そのどちらも今のぼくは手放しているので、ただじくじくと忘れられない時間だけがのしかかってくるというわけだ。

どういう人生の局面でも、大小さまざまな「気の進まないけどしなければもっとまずいことになる」タスクっていうのはあるはずで、そいつらからのダメージを一番手っ取り早く解決する方法は「すぐにやるべき」なのだろう。でもあらゆることに対して「すぐにやる」が向いていないから困っているんである。

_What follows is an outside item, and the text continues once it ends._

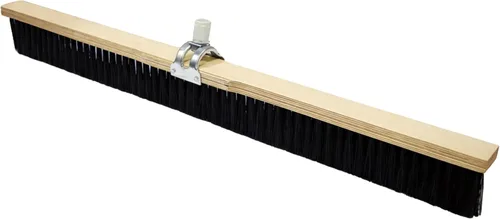 Miniatura 2 de Bon 82-472 Cepillo de acabado de hormigón con cerdas de estireno negro de 36 pulgadas con mango ajustable zócalo de 3 pulgadas para textura
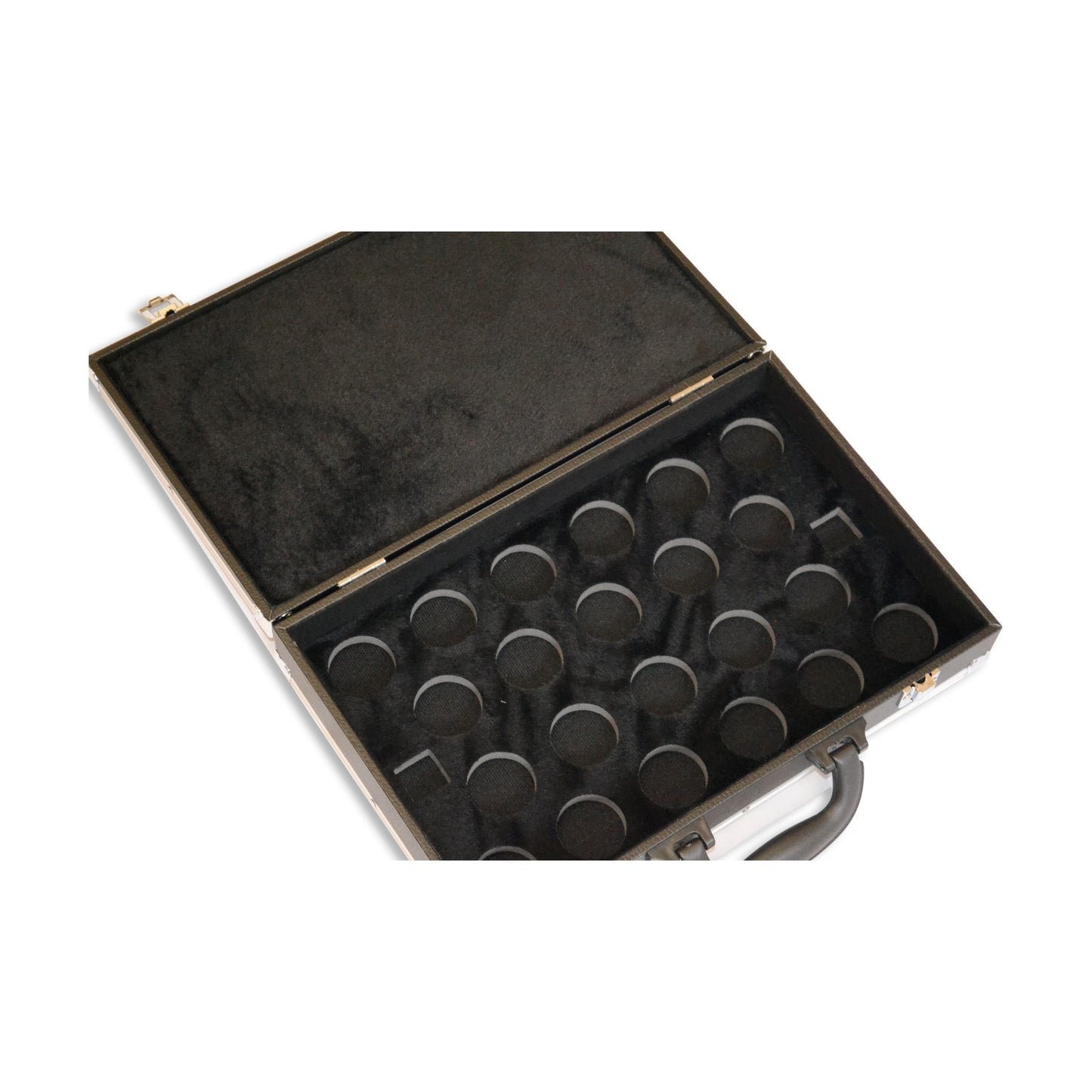 Black Snooker Ball Carry Case For Full Size 2 1/16" Snooker Balls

だからこれは考え方の違いで、解決するべきなのかもしれない。
「すぐやるべき」の「べき」がまずよくない。強い強制力というか、一般的な規範にハメてやるぞ、って感じがする。
つぎに「やる」もよくない。「やる」のあとにはどうしてか「べき」的な言葉が結びつきやすいし、そもそも能動性が必要とされるからだ。
それに「すぐ」もよくない。ぼくたちはそんなになんでも急げるわけじゃない。
つまりフレーズを構成する語、すべてがよくない!

もっと能動的じゃなくて、なにかに身を委ねていたらその結果タスクが終わっていた、みたいな感覚に近づけたい。そう思うと、「流れをとどめない」くらいがいいような気がする。外部からの要請も時間の進みも自分の行動も、そのエネルギーの種別をあえてしないでとりまとめてひとつの流れとして、それをとどめないのがヘルシーだ、というふうに。